While HIIT has been proven to be hugely effective, its high-impact nature can also lead to injury if done the wrong way.
“I actually love HIIT, I think it’s fantastic, it’s an efficient use of your time,” says Higgins. “But if you could just do this bit first, then do your HIIT, then you’ll be fine. It’s basic self-care.”
It’s never too late to get fit
And what of the chair-shaped among us that fear we’re too far gone? “That’s bullshit,” says Higgins. “Age is irrelevant. Yeah, you’re probably going to have some bits and pieces that you’re going to have to work around or work through, but age is no excuse.
“Samuel L Jackson, he’s 70. When I worked with him on Tarzan, he had to run through the rolling hills of Africa, and he hadn’t run in 40 years. And my job was to make sure he could do that shot.”
It clearly paid off. Jackson credits him as the man who “patiently and caringly put me together again”.
Higgins knows what it’s like to have a broken body. When he was 19, playing Aussie rules in Melbourne, an illegal tackle left him with a dislocated shoulder and broken ribs. He slowly began to rehabilitate himself, before moving to the UK and qualifying as a personal trainer.
He still lives in London with his wife Cara and three children, when he’s not on far-flung film sets.
Getting the right mindset
Mindset plays a part, he says. “People get stuck in ‘I can’t do’ or ‘I’ve been told that I shouldn’t do’. The problem is if you don’t do it, it will get worse.
“We subconsciously build these psychological guards so that it locks us down in certain areas to immobilise that area. But the body has to compensate somewhere. So, generally speaking, I find that where the pain is isn’t where the problem is.”

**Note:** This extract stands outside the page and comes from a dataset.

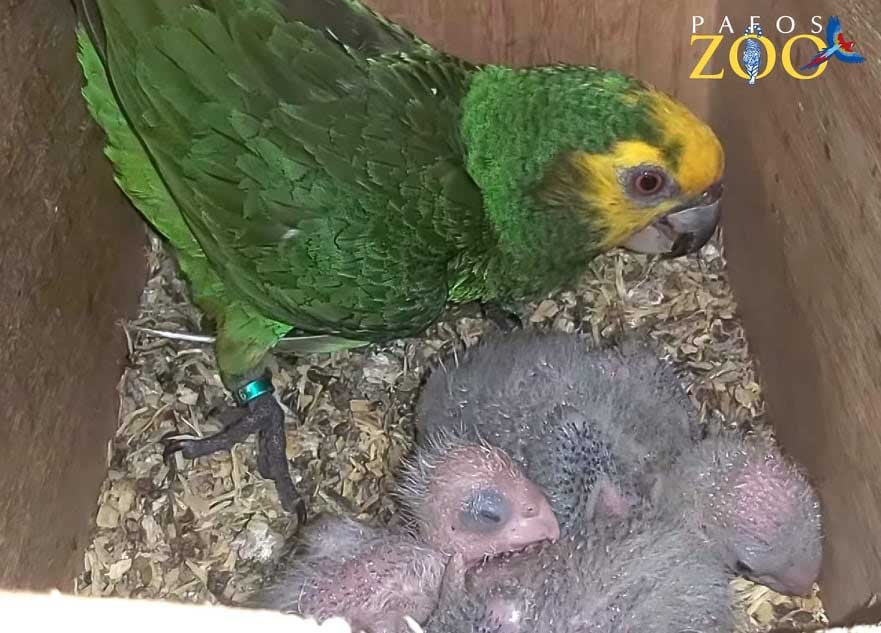 image Paphos zoo successfully breeds rare parrot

Actors aren’t always natural athletes, Higgins reasons. They’re often the skinny drama school kids suddenly expected to play a superhero, so their challenges are just as great as those facing us mere mortals.
“When I was looking after Colin Firth for Kingsman he said, ‘Yeah, I’m the drama student who’s now a spy.’ So these guys still have to do the work, I can’t lift their leg up and down for them. And it’s the same with everybody else.”
Changes that last a lifetime
Of course, if it really is a Hollywood body you’re after, it’ll take more than a couple of jumping jacks. Higgins’s book includes a 21-day meal plan to accompany your “reset”. It’s refreshingly free from “clean eating” nutribabble, although he does recommend that you cut out alcohol, refined sugar and fried foods.
But this is not a diet book, Higgins says – it’s about changing your mindset for life. “With celebrities, I’ve got to get them out of the thought process of ‘I’m only doing this for six months’, because, yes, that’s an aesthetic goal, but it’s not going to get them up at 4am to train before they go into make-up for three hours and then get back on set for 10 hours.
“You’re doing this so you can live a longer, healthier, happier, pain-free life. That’s your end goal.”